The speculative bubble in silver that I recently wrote about has apparently burst.

Meanwhile it's no surprise that President Obama's proposal for new economic stimulus are getting little traction in an oppositional Congress. Whether it will serve Democrats well as a platform for election in 2012, time will tell. I am heartened that he did propose cutting some expenditures, a courageous step in this environment. 

To those who see no problem with continuing to run huge deficits, I offer this graph.

As a percentage of gross domestic product, our federal debt is now twice what it was at the end of the Roosevelt stimulus programs. We are on our way to a level of debt not matched since the peak of World War II, when the future direction of civilization was in doubt. Even so, in the 1940s most of the creditors of the U.S. government were U.S. citizens; we owed the money to one another. Today a significant (and growing) portion of our debt is being funded externally, e.g. by the Chinese. That's a practical, not xenophobic, concern.

On the subject of Obama's proposed alternative minimum tax: we have had an AMT since 1969. Yes, it was adopted under President Richard Nixon, a Republican. I have no disagreement with an AMT applied to ordinary income, although I would hope that the new AMT is simpler to calculate than the existing one. However, applying a new AMT to capital gains income is worrisome. 

People like Warren Buffet derive most of their wealth from capital gains which generally are the consequence of profit that has already been taxed (or should be) at the corporate level; that's one of the reasons why we tax capital gains at lower rates than ordinary income.

What would make more sense than applying AMT to capital gains is a simplified corporate tax structure with no loopholes and a lower marginal tax rate, with an overall increase in the take from corporations. We should add a requirement that companies with excess cash on hand, such as Apple, disburse the excess gradually to shareholders in the form of dividends that are taxable.
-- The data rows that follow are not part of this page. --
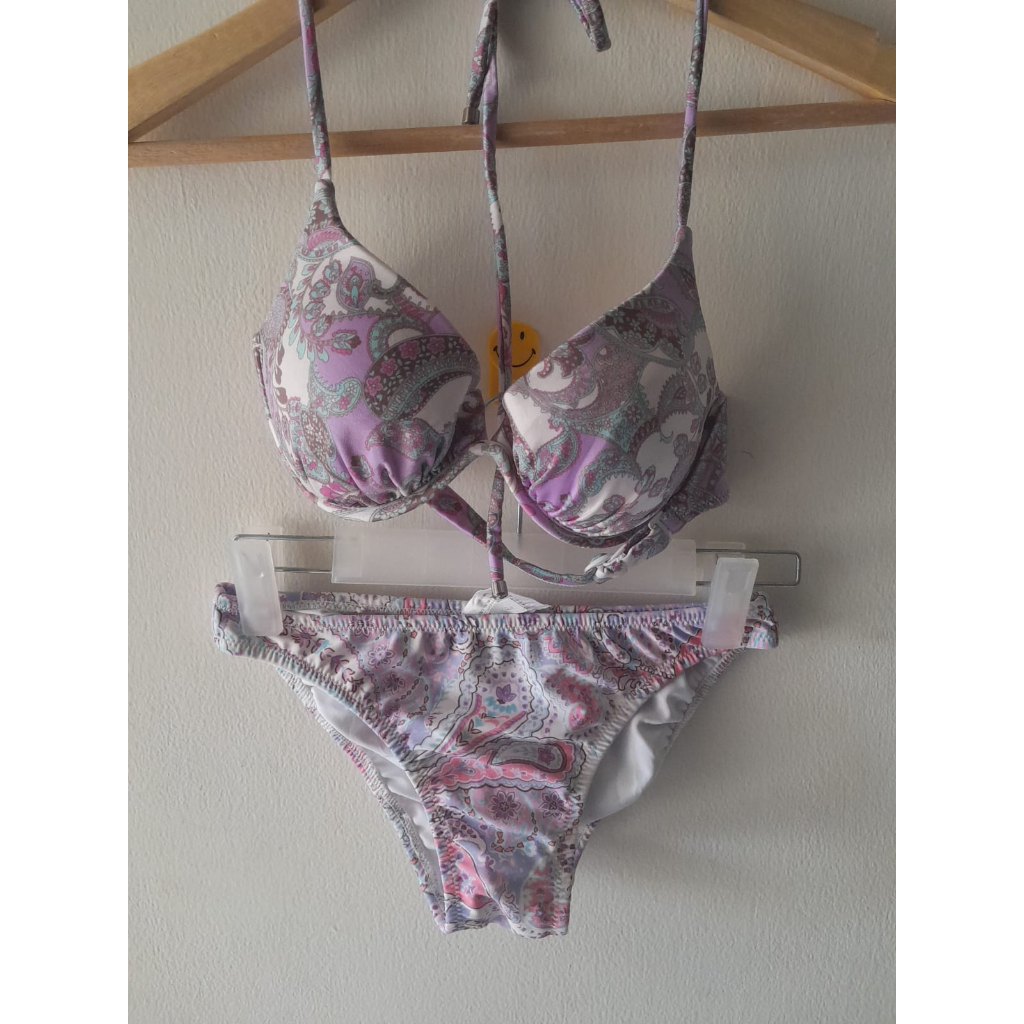 SERBU MURAH PL Bikini Set/ Pakaian Renang Wanita/Pakaian Pantai Wanita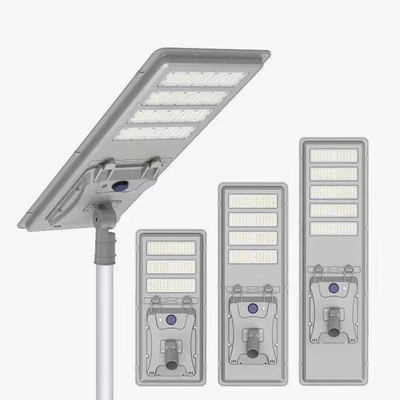 Super-Bright Solar LED Street Light With Adjustable Angle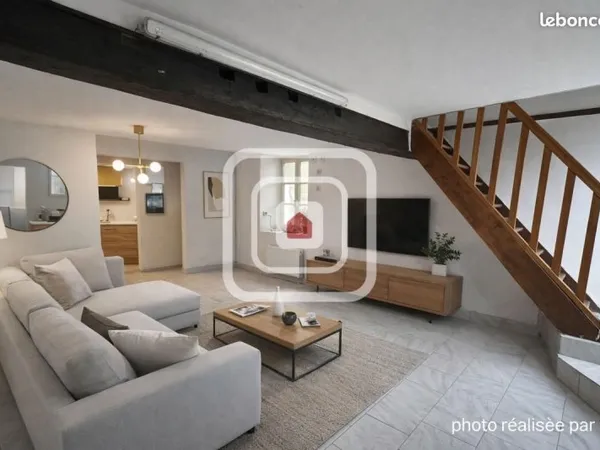 Maison 6 pièces 200 m²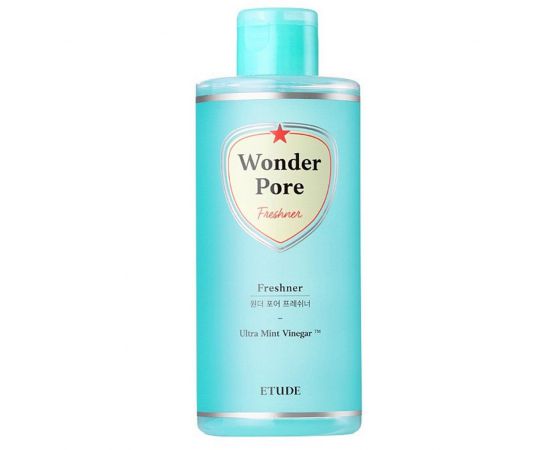 Тоник для борьбы с расширенными порами и акне 10 в 1, Wonder Pore Freshner, 250 мл. Etude House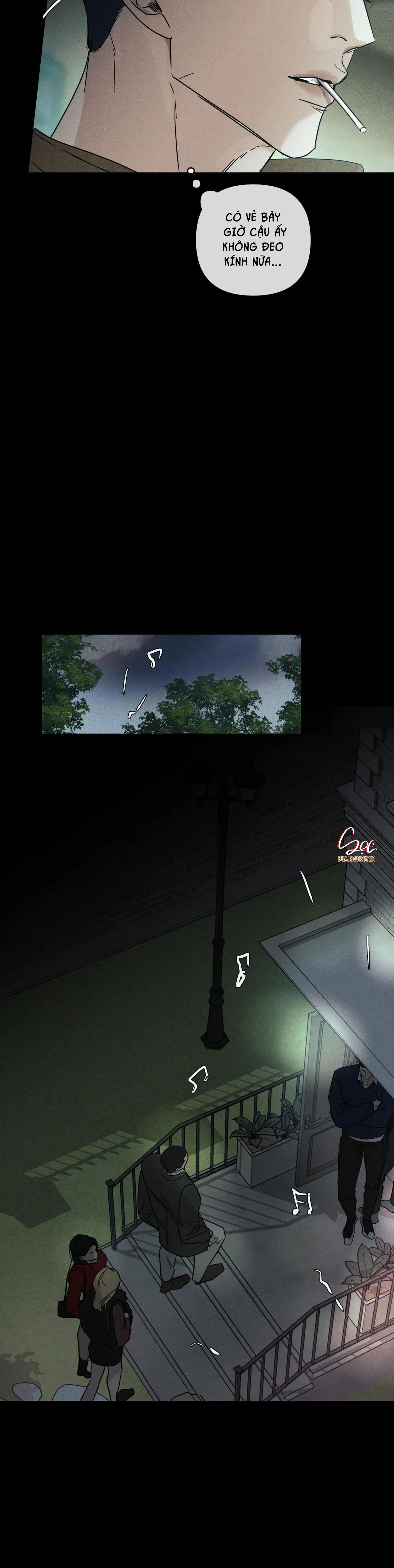 THÂN ÁI Chapter 27 Trang 13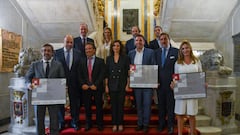 Banco Santander y Cámara de Madrid lanzan el Premio Pyme del Año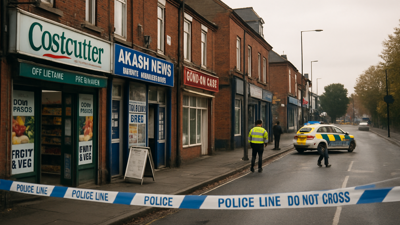 BBC Investigation Exposes High Street Mini-Marts Selling Cocaine and Cannabis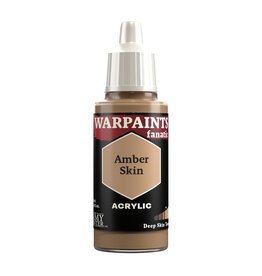 The Army Painter Warpaints Fanatic: Amber Skin 18ml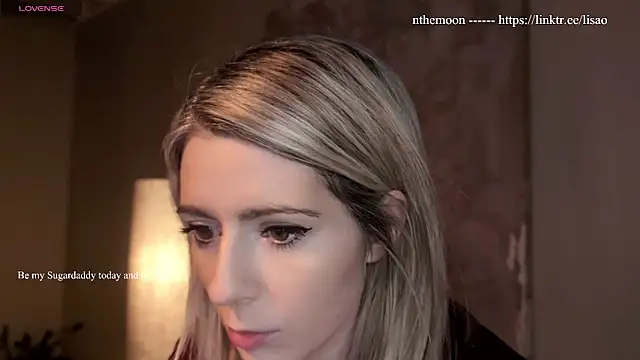 Lisaonthemoon online show from 25, 3, 2026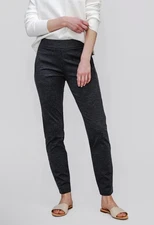 Athletic Propulsions Labs The Perfect Wool Trousers Charcoal Gray M Women’s L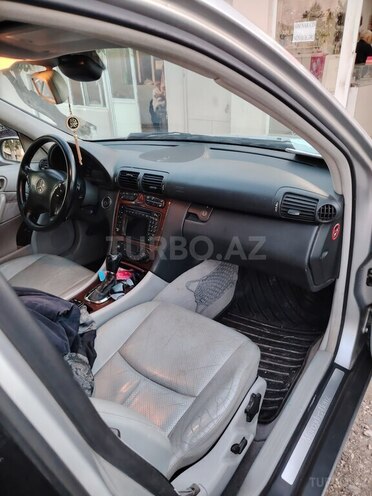 Mercedes C 240 2000, 230,000 km - 2.4 l - Goranboy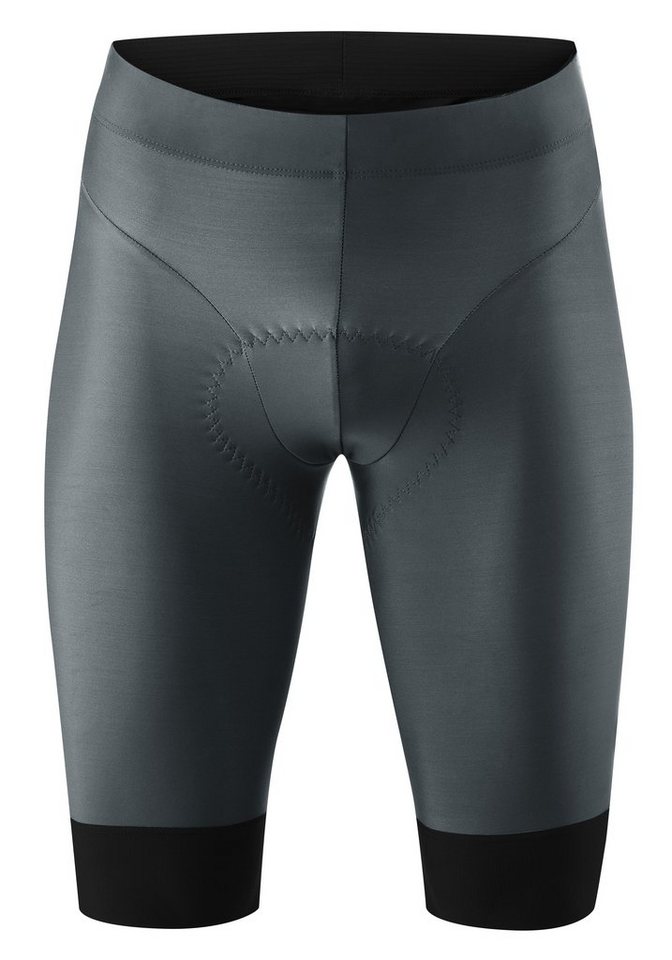 Gonso Fahrradhose SQlab GO M Herren Radhose mit Sitzpolster, kurze moderne Radlerhose, Tight Fit von Gonso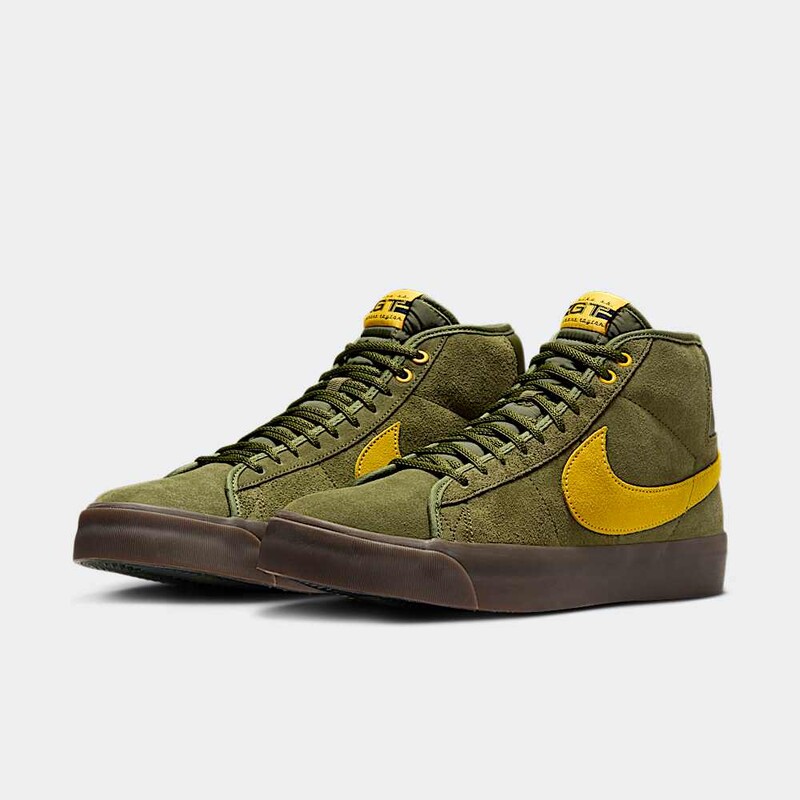 Antihero x Nike Zoom Blazer Mid QS | HM5838-300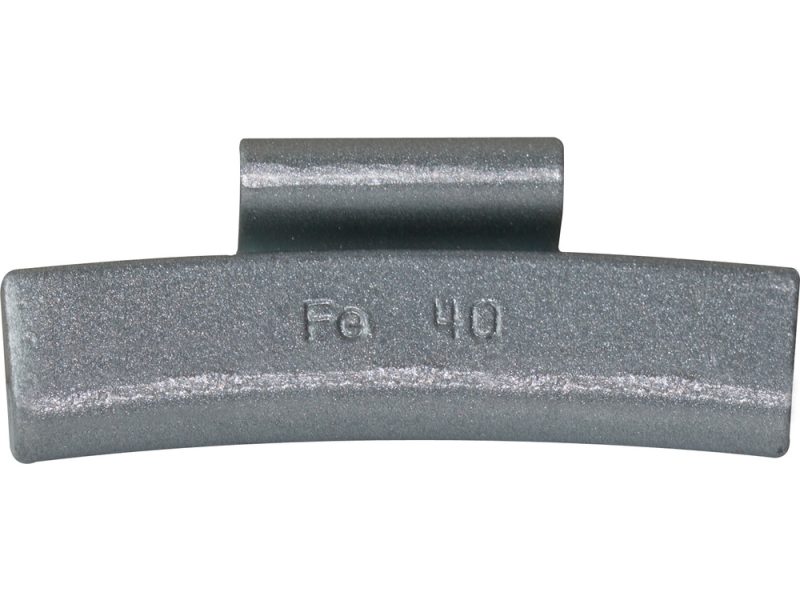 Balance weight for steel rims type 187 FÖRCH 5*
The U.S. presently has one of the highest corporate tax rates in the world -- which naturally drives corporations to Congress in search of special treatment. It also drives corporations into overseas jurisdictions, with a loss of American jobs. Both of those behaviors are unhelpful in the current climate. Therefore I'm disappointed that President Obama appears unwilling to tackle corporate tax reform. To that extent, my friends who decry the impact of corporations on the contemporary political scene are on target.